A diversão noturna disseminou-se por outros bairros da cidade, uma das mais populosas de África, com quase cinco milhões de habitantes. Ali perto, no bairro Maroc, há bares com música ao vivo. No Plateau, discotecas para a elite. Em Cocody, destino de jovens trabalhadores e da classe média local, há bares de soul, reggae e ainda alguns dos melhores restaurantes: Lolo du Solferino, Abdoul ou Miss Zahui. São servidas iguarias como caranguejo na brasa, inhame frito, espetada de escargots ou choukouya (carne de borrego, vaca ou frango bem condimentada e grelhada), mas a grande atração é o prato nacional, o attiéké, uma pasta feita de mandioca que é servida com um delicioso guisado de peixe e mariscos frescos.
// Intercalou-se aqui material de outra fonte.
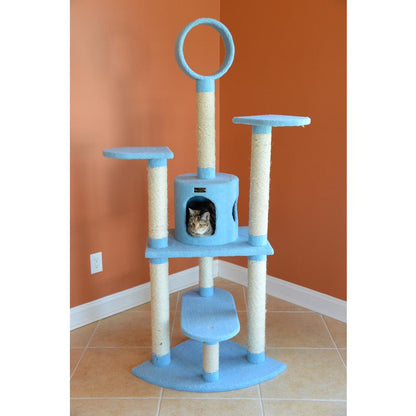65-Inch Classic Real Wood Cat Tree In Sky Blue, Five Levels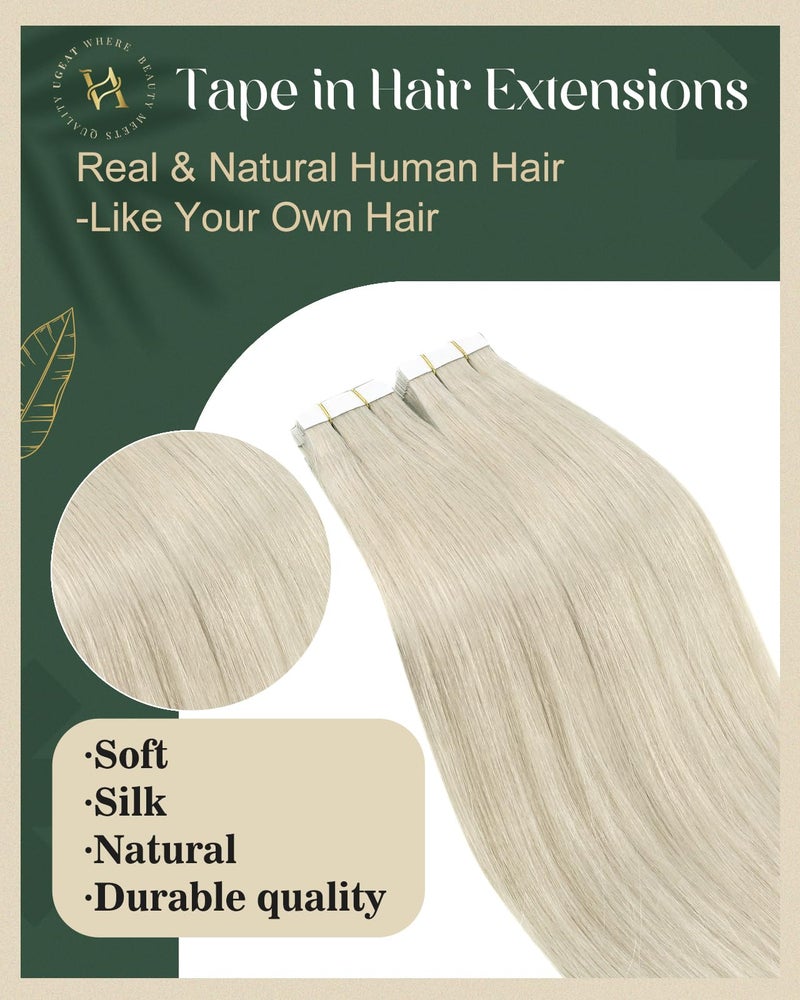 Ugeat Tape in Hair Extensions Blonde Hair Extensions Tape ins Platinum Blonde Invisible Tapes in Hair Extension Human Hair with Replacement Tapes 16 Inch 50G 20Pcs - Image 2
Abidjan também vive de dia. Banhada pela Lagoa de Ébrié e com o horizonte recortado pelos prédios altos do Plateau, o epicentro económico de um país que cresce exponencialmente após muitos anos de instabilidade (é o maior produtor mundial de cacau), é uma metrópole pujante habitada por gente que gosta de vestir-se bem e com as vias congestionadas por carros com inscrições religiosas nas traseiras: “é Deus que manda”, “é Deus que cria”, “é Deus que dá”.
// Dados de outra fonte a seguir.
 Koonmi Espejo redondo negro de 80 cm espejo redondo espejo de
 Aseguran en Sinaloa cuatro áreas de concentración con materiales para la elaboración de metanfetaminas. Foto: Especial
O Hôtel Ivoire é um dos seus baluartes: construído em 1963, tornou-se célebre, com um cinema e uma pista de gelo no interior (o cinema ainda existe; a pista, não). Renovado em 2011, conserva alguma da decoração original, com relevos em madeira, pinturas de cores garridas e mobiliário da época. Rivaliza com “La Pyramide”, um edifício desenhado em 1970 pelo italiano Rinaldo Olivieri, que com o seu formato de pirâmide virou ícone do modernismo africano. Mais recente, de 1985, é a Catedral de São Paulo, de arquitetura ousada e vanguardista, que para além de templo maior da cidade e excelente miradouro sobre a Baía de Cocody, serviu de refúgio a mais de 1800 pessoas quando o conflito armado chegou a Abidjan, em 2011. “Não há na África Ocidental outra cidade com um património arquitetónico pós-independência tão vasto”, diz o jornalista Ali Bamba.
A cultura concentra-se no cubo de 600 metros quadrados que alberga a Galeria Cécile Fakhoury, um dos mais importantes centros de arte contemporânea da região. Ali estão obras de escultura, pintura e fotografia de alguns dos reputados mestres africanos. Até final de janeiro poderá ver a exposição de Ouattara Watts, um marfinense radicado nos EUA e bem conhecido nas galerias nova-iorquinas. A instituição vai abrir em 2019 um museu em Dakar, no Senegal, e um showroom em Paris. Depois, uma caminhada no Parque Nacional de Banco, nos subúrbios a norte, onde para além de uma abundante vegetação se avistam macacos, ginetas e serpentes.
Como a Costa do Marfim é um país pequeno, Abidjan pode funcionar como um bom ponto de partida para visitar outros locais. A 50 quilómteros, na costa, encontra-se Grand-Bassam, Património da Humanidade pela sua arquitetura colonial. Se é verdade que alguns dos prédios precisam urgentemente de restauração, o mesmo não se aplica às suas praias tropicais, onde estendemos a toalha à sombra de uma palmeira para uma pausa da vida citadina.
Mais a norte, a 200 quilómetros, em Yamoussoukro, capital administrativa do país, vivemos uma experiência inigualável: visitar a maior igreja do mundo sem qualquer outro turista. No meio da floresta, sobre mangueiras e bananeiras, ergue-se a grandiosa cúpula da Basílica de Nossa Senhora da Paz. Para quem chega a Yamoussoukro, a imagem daquele gigante de mármore numa paisagem tropical é tão deslocada e surpreendente como avistar um elefante nas vielas de Veneza. A maior igreja cristã do mundo, plantada no coração da Costa do Marfim numa pequena cidade com 200 mil habitantes. Tem uma nave com capacidade para 18 mil acólitos e 158 metros de altura, mais sete do que a Basílica de São Pedro, em Roma, da qual copiou o estilo. É tão venerada que, durante a guerra, foi feito um cordão especial de segurança para protegê-la das bombas.
Pode voar para Abidjan com a TAP a partir de Lisboa.